# help! im looking for these pair of black/white maryjanes or similar...



## rnsmelody (Feb 1, 2008)

help! im looking for these pair of shoes or similar...they are from tara subkoff. she is a guest designer for bebe. i called bebe customer service and they said that they dont carry those maryjane shoes. i was wondering if anyone seen anything closely similar to it. or was it a past item at bebe and if you know the name of it please let me know.. so i can look for it. thanks in advance!!
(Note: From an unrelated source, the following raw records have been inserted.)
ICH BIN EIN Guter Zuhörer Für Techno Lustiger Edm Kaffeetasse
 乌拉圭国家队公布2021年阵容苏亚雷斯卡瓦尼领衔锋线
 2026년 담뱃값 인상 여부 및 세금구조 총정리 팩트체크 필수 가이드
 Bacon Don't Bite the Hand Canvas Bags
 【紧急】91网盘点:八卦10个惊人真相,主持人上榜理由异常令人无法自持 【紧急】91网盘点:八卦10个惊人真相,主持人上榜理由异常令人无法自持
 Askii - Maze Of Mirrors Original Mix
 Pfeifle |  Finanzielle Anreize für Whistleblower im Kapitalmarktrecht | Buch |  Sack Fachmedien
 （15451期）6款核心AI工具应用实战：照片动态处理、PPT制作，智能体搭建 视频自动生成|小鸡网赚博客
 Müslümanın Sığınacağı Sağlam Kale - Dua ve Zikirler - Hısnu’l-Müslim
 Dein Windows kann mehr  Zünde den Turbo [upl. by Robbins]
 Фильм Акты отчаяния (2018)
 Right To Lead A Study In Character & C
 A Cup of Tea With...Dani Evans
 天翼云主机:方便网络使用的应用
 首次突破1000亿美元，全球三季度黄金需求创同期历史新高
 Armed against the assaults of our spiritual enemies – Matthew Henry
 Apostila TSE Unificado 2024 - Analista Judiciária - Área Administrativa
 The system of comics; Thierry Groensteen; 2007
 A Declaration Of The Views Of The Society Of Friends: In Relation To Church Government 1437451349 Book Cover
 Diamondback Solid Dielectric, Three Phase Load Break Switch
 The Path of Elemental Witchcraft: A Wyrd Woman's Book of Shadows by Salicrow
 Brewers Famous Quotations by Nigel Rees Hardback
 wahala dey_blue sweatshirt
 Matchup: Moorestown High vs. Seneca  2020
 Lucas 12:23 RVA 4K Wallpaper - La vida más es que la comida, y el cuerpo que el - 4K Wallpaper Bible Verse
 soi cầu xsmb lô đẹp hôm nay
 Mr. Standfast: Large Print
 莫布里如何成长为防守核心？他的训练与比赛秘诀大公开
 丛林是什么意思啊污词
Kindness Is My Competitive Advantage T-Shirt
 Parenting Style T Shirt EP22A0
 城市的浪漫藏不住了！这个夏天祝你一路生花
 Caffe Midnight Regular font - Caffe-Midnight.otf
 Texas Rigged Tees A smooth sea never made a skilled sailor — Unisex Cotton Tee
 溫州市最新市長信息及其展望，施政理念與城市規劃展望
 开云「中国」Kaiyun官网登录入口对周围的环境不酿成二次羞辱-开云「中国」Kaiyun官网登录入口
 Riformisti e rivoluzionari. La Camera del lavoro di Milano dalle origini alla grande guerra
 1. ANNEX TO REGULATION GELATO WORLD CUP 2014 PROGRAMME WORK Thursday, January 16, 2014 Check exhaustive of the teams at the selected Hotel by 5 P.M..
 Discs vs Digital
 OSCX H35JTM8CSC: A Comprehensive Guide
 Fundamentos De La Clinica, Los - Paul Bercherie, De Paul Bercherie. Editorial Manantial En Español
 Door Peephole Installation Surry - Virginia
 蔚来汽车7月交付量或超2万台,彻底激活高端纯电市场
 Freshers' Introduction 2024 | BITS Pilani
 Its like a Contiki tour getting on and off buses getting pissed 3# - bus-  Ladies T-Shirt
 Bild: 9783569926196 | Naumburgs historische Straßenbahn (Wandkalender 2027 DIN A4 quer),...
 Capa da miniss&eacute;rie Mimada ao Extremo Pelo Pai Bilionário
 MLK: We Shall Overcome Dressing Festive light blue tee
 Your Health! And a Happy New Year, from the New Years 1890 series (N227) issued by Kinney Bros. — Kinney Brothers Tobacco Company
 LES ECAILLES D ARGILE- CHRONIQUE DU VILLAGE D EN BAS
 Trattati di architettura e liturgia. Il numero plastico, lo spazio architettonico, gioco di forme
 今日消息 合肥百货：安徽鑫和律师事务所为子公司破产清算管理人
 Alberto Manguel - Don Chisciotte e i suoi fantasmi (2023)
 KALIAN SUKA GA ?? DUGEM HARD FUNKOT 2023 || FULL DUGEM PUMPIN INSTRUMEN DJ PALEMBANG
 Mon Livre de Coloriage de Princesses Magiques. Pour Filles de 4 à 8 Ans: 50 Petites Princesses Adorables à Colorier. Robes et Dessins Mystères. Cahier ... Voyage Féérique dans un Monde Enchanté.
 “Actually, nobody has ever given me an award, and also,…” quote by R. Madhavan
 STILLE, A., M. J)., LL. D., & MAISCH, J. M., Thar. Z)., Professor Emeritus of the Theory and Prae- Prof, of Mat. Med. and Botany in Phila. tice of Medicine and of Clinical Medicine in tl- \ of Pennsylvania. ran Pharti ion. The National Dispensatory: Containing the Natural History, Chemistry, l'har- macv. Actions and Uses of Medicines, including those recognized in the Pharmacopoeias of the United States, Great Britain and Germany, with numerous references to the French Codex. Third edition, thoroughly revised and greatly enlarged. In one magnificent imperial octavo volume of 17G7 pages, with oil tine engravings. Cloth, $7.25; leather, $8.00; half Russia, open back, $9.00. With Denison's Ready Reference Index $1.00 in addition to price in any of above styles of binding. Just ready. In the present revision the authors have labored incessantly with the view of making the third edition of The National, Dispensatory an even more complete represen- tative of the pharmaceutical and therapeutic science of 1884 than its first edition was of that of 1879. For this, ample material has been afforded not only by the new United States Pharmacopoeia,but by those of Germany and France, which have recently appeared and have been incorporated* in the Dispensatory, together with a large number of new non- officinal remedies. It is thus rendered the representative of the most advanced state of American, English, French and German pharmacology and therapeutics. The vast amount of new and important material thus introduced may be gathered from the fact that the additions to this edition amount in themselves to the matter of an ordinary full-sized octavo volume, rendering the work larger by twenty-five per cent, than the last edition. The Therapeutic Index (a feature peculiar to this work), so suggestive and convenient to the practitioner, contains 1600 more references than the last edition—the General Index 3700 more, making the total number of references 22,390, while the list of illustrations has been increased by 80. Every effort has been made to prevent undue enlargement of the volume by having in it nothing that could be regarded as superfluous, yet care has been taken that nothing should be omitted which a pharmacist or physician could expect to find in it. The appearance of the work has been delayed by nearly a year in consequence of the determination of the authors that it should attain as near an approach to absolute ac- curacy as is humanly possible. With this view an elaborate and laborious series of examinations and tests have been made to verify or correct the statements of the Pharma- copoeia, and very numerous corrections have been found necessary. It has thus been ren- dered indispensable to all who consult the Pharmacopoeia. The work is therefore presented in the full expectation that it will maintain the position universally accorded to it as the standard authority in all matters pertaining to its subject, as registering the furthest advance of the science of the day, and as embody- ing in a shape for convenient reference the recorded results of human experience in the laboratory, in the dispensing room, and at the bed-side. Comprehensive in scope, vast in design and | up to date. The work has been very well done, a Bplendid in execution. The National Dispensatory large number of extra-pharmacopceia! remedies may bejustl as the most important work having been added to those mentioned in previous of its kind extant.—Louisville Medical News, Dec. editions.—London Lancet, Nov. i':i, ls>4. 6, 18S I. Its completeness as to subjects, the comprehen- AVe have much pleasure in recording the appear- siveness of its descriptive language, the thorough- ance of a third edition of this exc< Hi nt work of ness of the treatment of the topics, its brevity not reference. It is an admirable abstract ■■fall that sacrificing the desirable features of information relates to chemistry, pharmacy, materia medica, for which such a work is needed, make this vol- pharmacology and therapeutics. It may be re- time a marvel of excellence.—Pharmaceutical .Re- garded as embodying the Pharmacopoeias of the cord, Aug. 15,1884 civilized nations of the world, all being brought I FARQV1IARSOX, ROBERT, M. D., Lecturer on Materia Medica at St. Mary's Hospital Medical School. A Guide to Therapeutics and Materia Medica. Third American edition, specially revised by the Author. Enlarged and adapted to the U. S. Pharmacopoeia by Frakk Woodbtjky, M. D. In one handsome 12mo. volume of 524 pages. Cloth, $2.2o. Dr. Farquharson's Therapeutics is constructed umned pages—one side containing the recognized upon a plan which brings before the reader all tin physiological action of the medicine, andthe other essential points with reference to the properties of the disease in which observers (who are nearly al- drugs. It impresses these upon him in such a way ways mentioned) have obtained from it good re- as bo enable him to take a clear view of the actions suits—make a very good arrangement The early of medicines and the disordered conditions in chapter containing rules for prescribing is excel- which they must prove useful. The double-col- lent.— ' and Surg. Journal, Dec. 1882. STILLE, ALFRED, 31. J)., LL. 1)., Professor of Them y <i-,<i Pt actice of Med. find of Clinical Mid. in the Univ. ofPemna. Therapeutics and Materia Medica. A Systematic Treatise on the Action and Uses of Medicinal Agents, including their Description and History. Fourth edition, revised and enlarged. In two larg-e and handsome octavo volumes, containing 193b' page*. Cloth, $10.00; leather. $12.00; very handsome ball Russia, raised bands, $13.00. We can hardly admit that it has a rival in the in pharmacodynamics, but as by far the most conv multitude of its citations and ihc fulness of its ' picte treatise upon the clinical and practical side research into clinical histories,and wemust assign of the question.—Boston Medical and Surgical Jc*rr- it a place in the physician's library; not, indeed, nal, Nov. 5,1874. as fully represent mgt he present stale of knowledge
bebe.com : bebe : bebe spotlight : tara subkoff main : tara page 2


----------



## Edie (Feb 20, 2008)

I know guess has very similar shoes although they don't have the strap


----------



## mamabear (Feb 20, 2008)

They're identical to Dolce Vita - Dolce Vita - Detail hope you find your size.


----------



## rnsmelody (Feb 20, 2008)

thanks mamabear i just found them from bebe they are EXACTLY identical. wow bebe & dolce vita have alot of identical shoes.


----------



## AmberLilith (Feb 23, 2008)

I know Demonia/Pleaser and TUK do some* similar* designs, though probably chunkier than you'd like..
HTH

HowCool.com - Pleaser - 4.5 Inch Stiletto Heel PF Pump

HowCool.com - TUK Shoes - Black & White Double Strap Mary Jane Platform

HowCool.com - Pleaser - Saddle Shoe-Style Pump With Strap & 5 1/4 Inch Heel

HowCool.com - Demonia - Gothic Platform Mary Janes With 5 Inch Heel

HowCool.com - Pleaser - Delightful Saddle Shoe-Style Mary Jane Pump With 5 3/4 Inch Heel


----------